### Exercise requirements:
Begin at the line with "Vase with flowers" and output every line through the end of the records, exactly as given. Omit pictures.
+++ Records to use +++
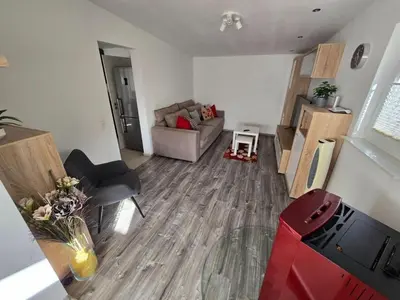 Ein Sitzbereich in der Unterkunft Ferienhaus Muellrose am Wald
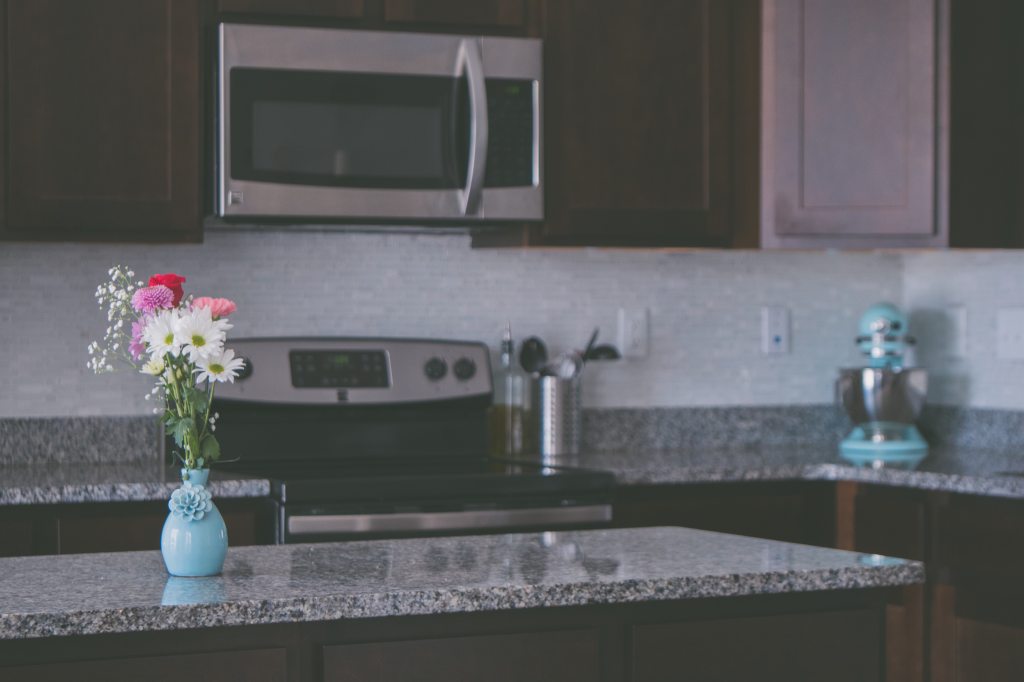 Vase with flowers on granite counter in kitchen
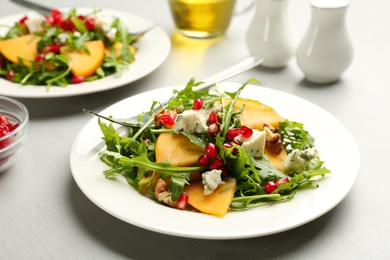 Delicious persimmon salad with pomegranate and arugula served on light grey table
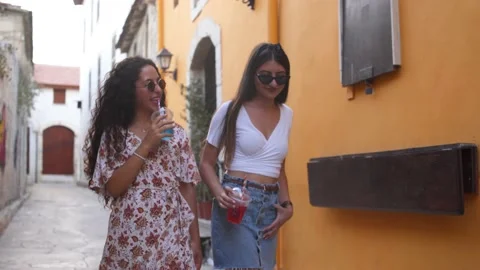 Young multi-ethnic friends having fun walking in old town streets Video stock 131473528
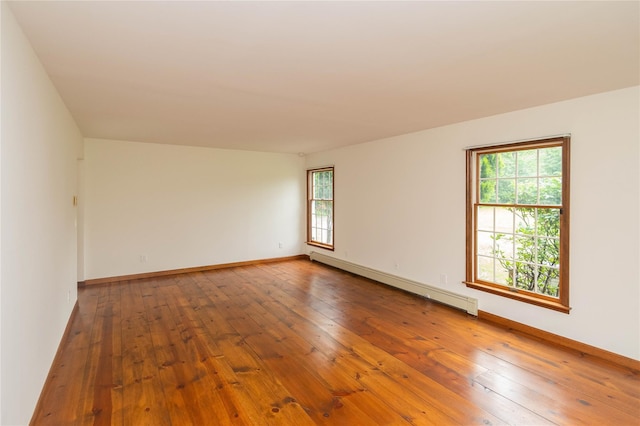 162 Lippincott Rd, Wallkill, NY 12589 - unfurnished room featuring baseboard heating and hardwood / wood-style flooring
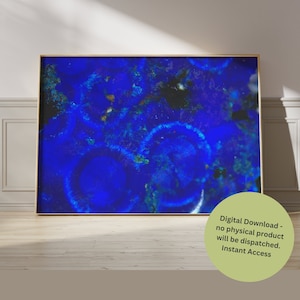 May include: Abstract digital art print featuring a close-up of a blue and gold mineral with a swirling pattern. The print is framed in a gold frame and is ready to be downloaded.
+++
### The answer:
 Vase with flowers on granite counter in kitchen
 Delicious persimmon salad with pomegranate and arugula served on light grey table
 Young multi-ethnic friends having fun walking in old town streets Video stock 131473528
 162 Lippincott Rd, Wallkill, NY 12589 - unfurnished room featuring baseboard heating and hardwood / wood-style flooring
 May include: Abstract digital art print featuring a close-up of a blue and gold mineral with a swirling pattern. The print is framed in a gold frame and is ready to be downloaded.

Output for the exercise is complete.